The primary players is creating this type of expenditure would have been the Duvernay and Montney. Over the last two years, both provinces have experienced significant decreases to their annual land sale revenue as a direct result of low commodity prices. In 2016 both provinces encountered historic lows. Alberta collected $136 million whereas BC only collected $15 million. And it’s interesting to note that for the data I analyzed since 2000, the average dollar per acre acquisition cost has always been higher for BC compared to Alberta.
Now with respect to Peyto’s participation at Alberta Crown land sales, we have always remained an active purchaser. Over the past five years, Peyto has spent $36.3 million at Crown sales to acquire over 134,000 acres, which equates to 210 sections. You have to remember that Peyto is not a company that acquires exploratory lands for the sake of having more yellow squares on the map. And as Dave alluded to in his discussion, Peyto acquires lands where we have identified drillable locations.
So what does this leave Peyto with respect to acquisitions in the future? Despite the low commodity prices, Peyto is still able to complete effectively at crown sales due to our low cost structure. We have had a good start to the year with the acquisition of 33 sections or just over 21,000 acres at Crown sales thus far. And we’ll continue to work on asset deals as well in order to supplement our drilling inventory.
Thanks, Tim. That’s some good color on land sales. I just got a couple more questions. I wanted to get on. Maybe Lee I was hoping may be you could comment on some of the improvements that we’ve seen in drilling performance. I had a slide in our corporate presentation that looked at the drill curve that has evolved over time and we’ve made some big gains there. But I suppose some of that’s technology some of that’s practice, maybe you can comment on the horizon. What are we looking at? Is there anything new coming down the pipe in terms of new technology or something that could effectively change the drill curve for cheaper faster wells?
Sure, Darren. Certainly, we’ve had a lot of practice having drilled over 700 horizontal wells since 2009. Looking back to that era, our Spirit River horizontals in the Sundance field occupied an average of 34 drilling days at a cost of about $3.2 million. Now back then that was certainly considered top decile performance relative to our competitors. And today, we’re accomplishing these same drills with on average longer laterals in 15 days to 17 days and cost of about $1.7 million.

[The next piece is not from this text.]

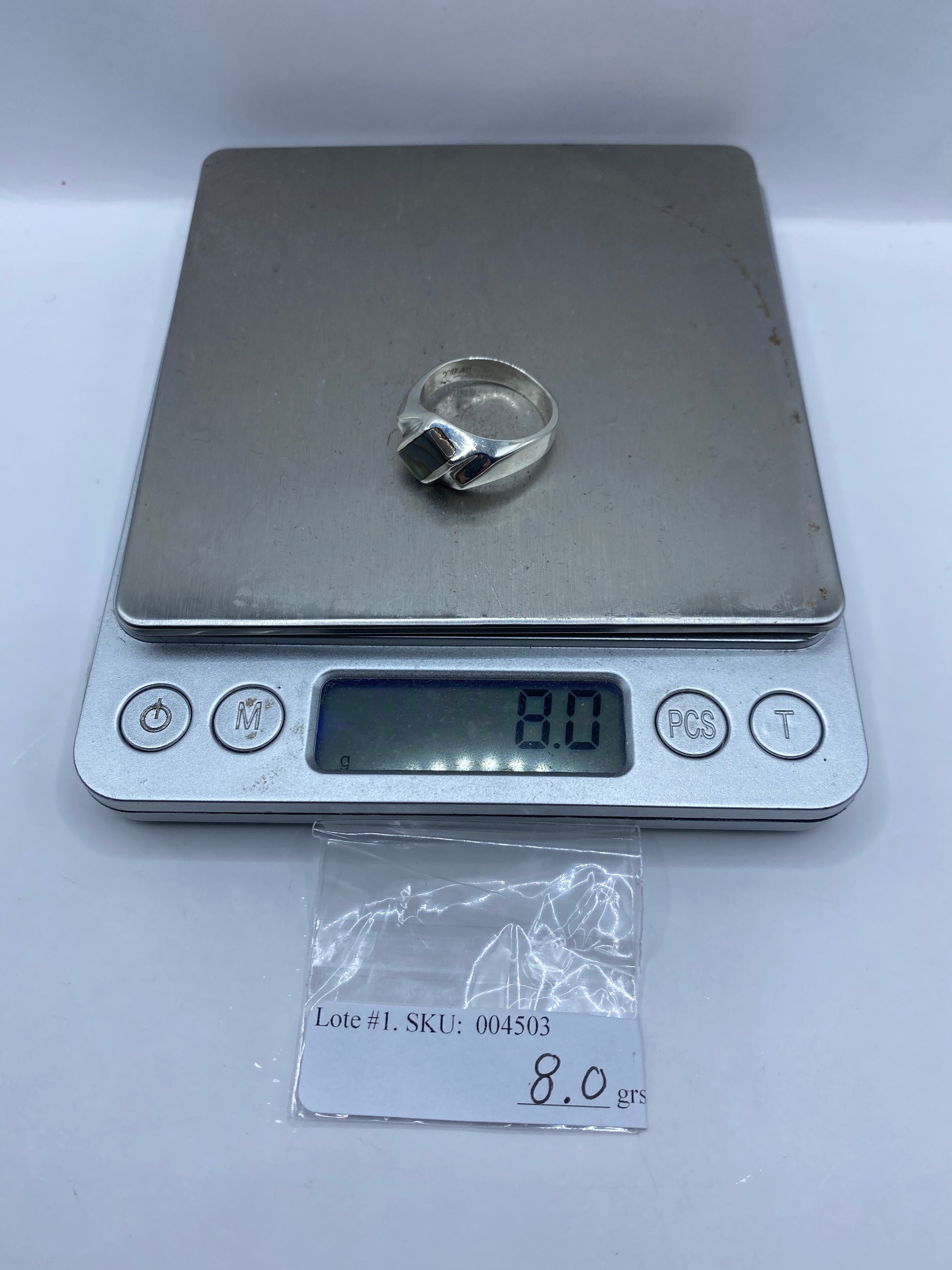 Anillo de Plata Engastado Moderno Unisex — Taxco .925 — foto 6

Similarly, in Brazeau, our performance gains have been equally noteworthy. Our program there began in 2013 where our Spirit River horizontals were taken about 35 days at a cost of nearly $4 million in comparison to our recent round of equivalent drills and under 18 days in the cost of $2 million.
Now, although we incorporate continual stream of applicable new technologies, things like drill bit designs, and mud motor advancements and agitation tools and a list that could really run on and on. We’re always very analytical prior to implementing any new tooling simply because it’s something new on the shelf and available to us. The fact of the matter being the bulk of our performance gains have been and are expected to be in the future, a direct result of our experience.

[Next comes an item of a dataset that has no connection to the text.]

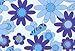 Cypress Lane Square Rigid Gift Box, a Nested Set of 4, 3.5x3.5x2 to 6x6x4 inches (Blue)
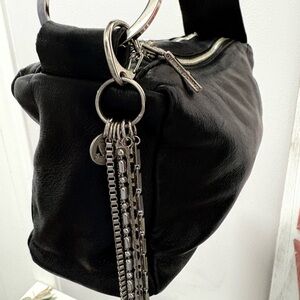Black Leather Women's Bag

As mentioned previously, we’ve had a lot of practice. And being an active operator through the past couple of years where most of the industry was stagnant we’ve gotten very good at execution where less active players may have remained static in performance.
Throwing a heap of capital towards high costs new technology simply to save days doesn’t always actually equate to saving money. And take, for example, drilling rigs, there tends to be much discussion around the latest generations of AC drilling rigs complete with walking systems and bells and whistles. For the most part with some minor tweaks to things like pumping horsepower and top drive systems, we utilized the very same conventional rigs that we’ve been using since the beginning of all this.
For that matter our top performing rig in the field has been in the Peyto fleet since 2009. The capital to construct these latest generation drilling rigs has nearly doubled that of a conventional Peyto style rig. And for that given contractor should anticipate a substantial day rate uplift to warrant that doubled investment.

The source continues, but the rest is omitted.